BertIterator produces NPE while training on GPU

Hi there

I’m trying to fine-tune a pre-trained BERT model in DL4J using SameDiff and the BertIterator. I run into the following NullPointerException:

Exception in thread "AMDSI prefetch thread" java.lang.RuntimeException: java.lang.NullPointerException
        at org.nd4j.linalg.dataset.AsyncMultiDataSetIterator$AsyncPrefetchThread.run(AsyncMultiDataSetIterator.java:389)
Caused by: java.lang.NullPointerException
        at org.nd4j.jita.concurrency.CudaAffinityManager.ensureLocation(CudaAffinityManager.java:307)
        at org.nd4j.linalg.dataset.callbacks.DefaultCallback.call(DefaultCallback.java:65)
        at org.nd4j.linalg.dataset.AsyncMultiDataSetIterator$AsyncPrefetchThread.run(AsyncMultiDataSetIterator.java:364)

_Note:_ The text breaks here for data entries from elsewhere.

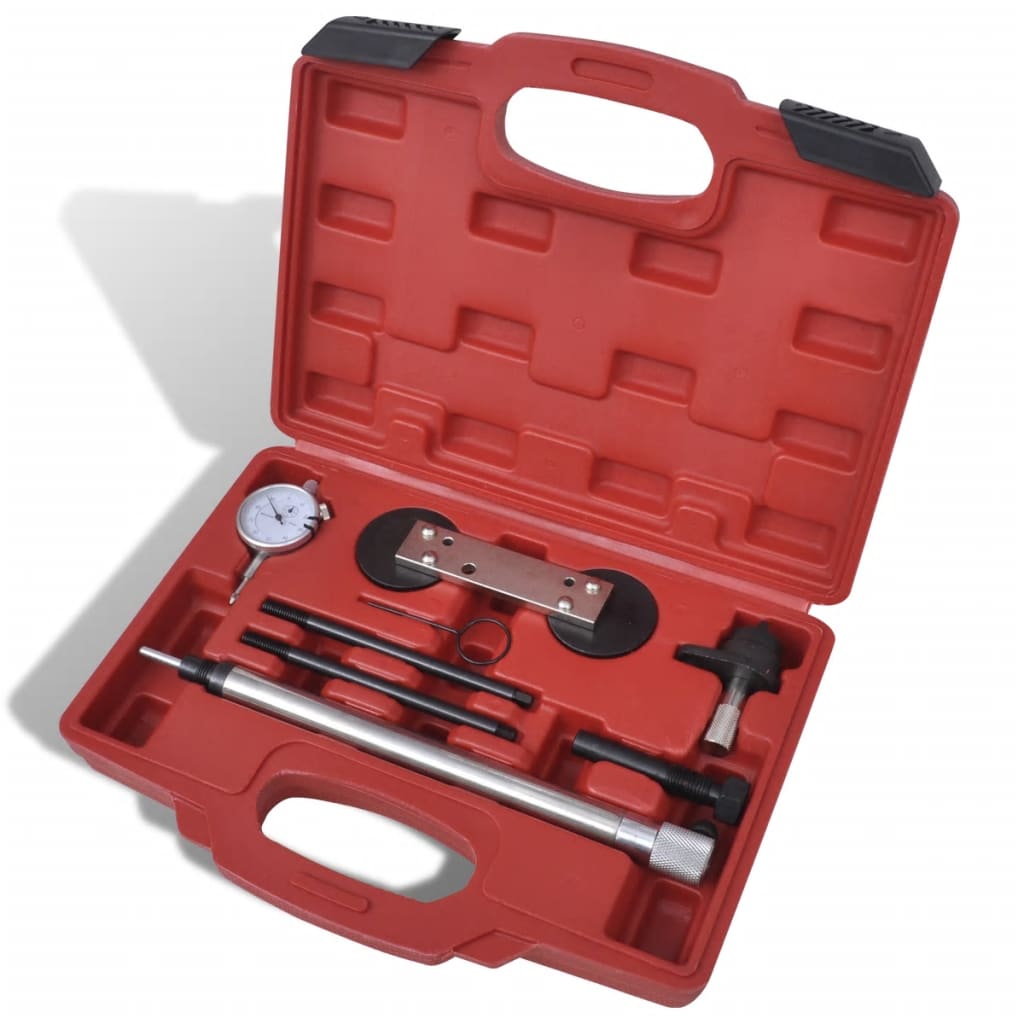 Εργαλεία Χρονισμού 8 τεμ. Κινητήρων VAG TSI και TFSI - PAKOBAZAAR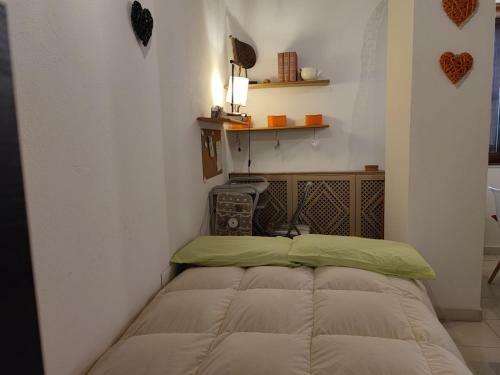 Apartamento Assemini Beautiful Mansarda Ss 130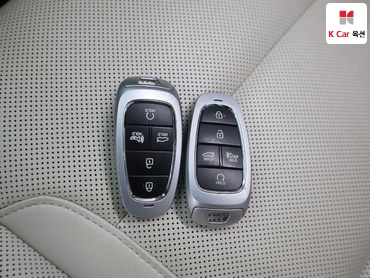 2023 - hyundai grandeur
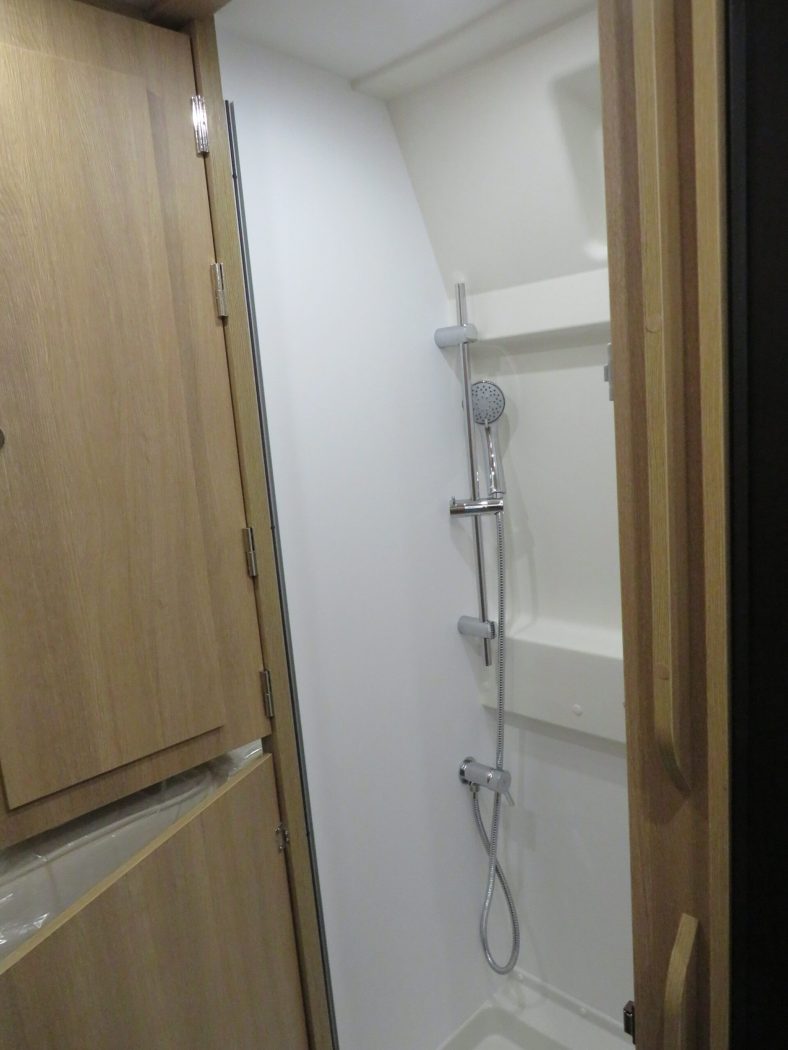 Giottiline Van 60 T Premium edition - foto 18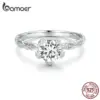 0bdbb12b48538a51d7b4e06c Anel Moissanite Coroa 1 Quilate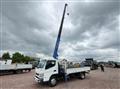 2014 Mitsubishi Fuso Canter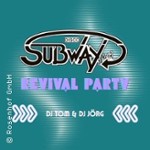Subway Revival Party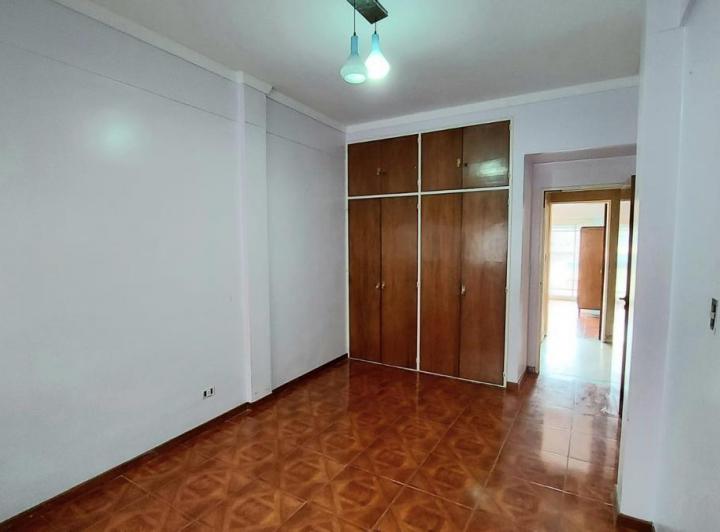 Departamento - Parque Patricios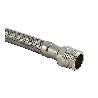 LATIGUILLO M 3/8 - H 3/8 DE 25CM INOX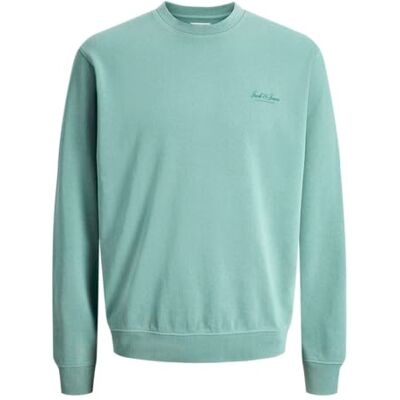 JACK & JONES Jjearchive Graphic Sweat Crew Neck Noos JACK & JONES Jjearchive Graphic Sweat Crew Neck Noos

The specific line of code in CudaAffinityManager::ensureLocation looks like the following:

@Override
public void ensureLocation(INDArray array, Location location) {
    // to location to ensure for empty array
    if (array.isEmpty() || array.isS()) // HERE THE NPE HAPPENS
        return;
    ...

In the case of the NPE the array is Null. The array that is checked here, is the feature mask of the segment id array. When I run the same code on CPU, the problem does not arise, since the CpuAffinityManager does not overwrite the NOP from the BasicAffinityManager.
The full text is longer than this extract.